■ **Records provided**:
━━━━━━━━━━━━━━━━━━━━

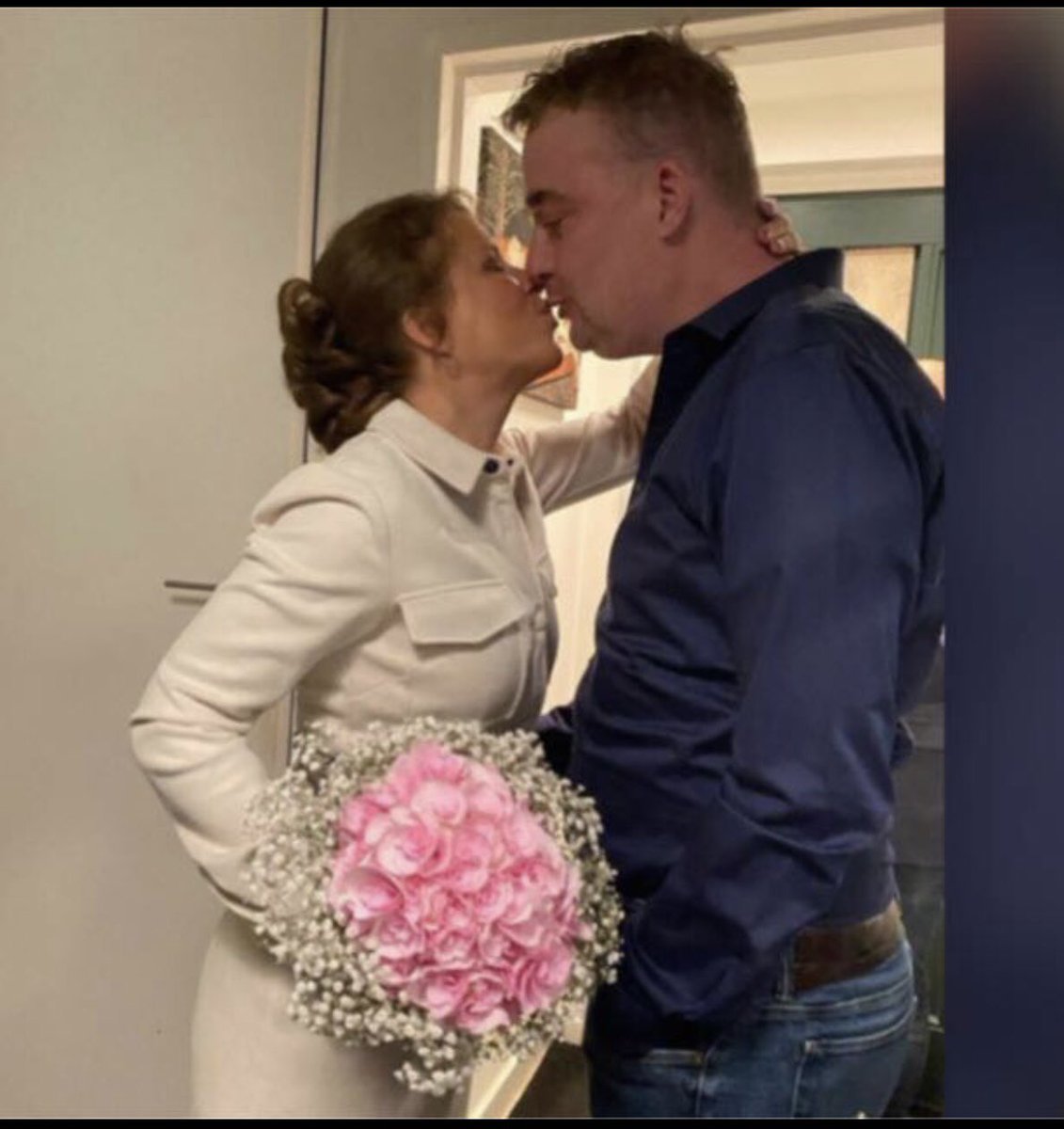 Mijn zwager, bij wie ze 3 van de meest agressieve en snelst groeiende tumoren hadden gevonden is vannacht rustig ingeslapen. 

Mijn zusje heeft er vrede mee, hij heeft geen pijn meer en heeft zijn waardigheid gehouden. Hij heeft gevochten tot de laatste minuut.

━━━━━━━━━━━━━━━━━━━━

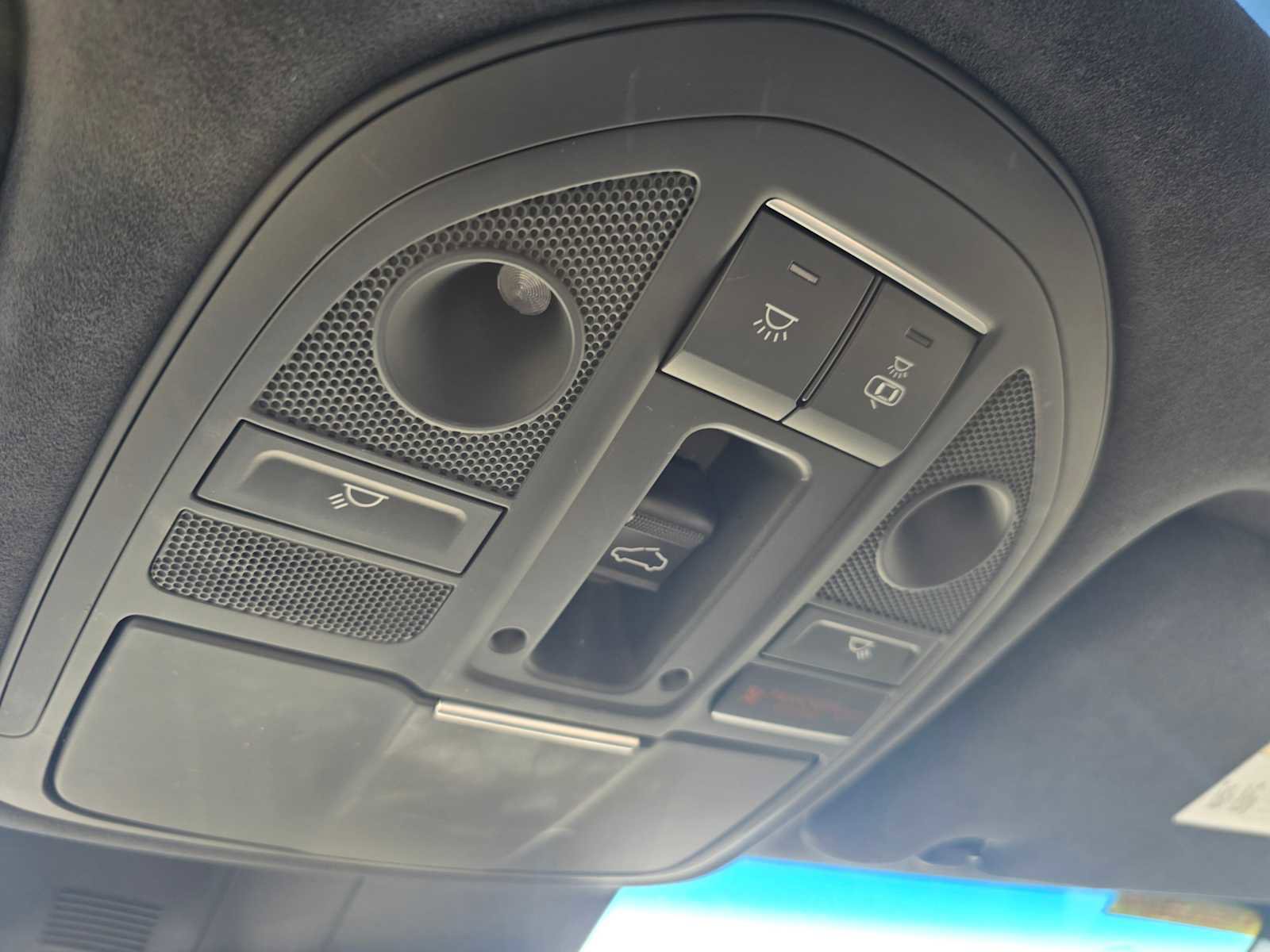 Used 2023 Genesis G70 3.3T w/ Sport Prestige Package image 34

━━━━━━━━━━━━━━━━━━━━

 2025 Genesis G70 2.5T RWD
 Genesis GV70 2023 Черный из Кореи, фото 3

━━━━━━━━━━━━━━━━━━━━

■ **Exercise details**: Of the lines above, output exactly those from the line bearing "2025 Genesis G70 2.5T RWD" through the line bearing "Genesis GV70 2023 Черный из Кореи, фото 3", inclusive.

■ **Reply**:
 2025 Genesis G70 2.5T RWD
 Genesis GV70 2023 Черный из Кореи, фото 3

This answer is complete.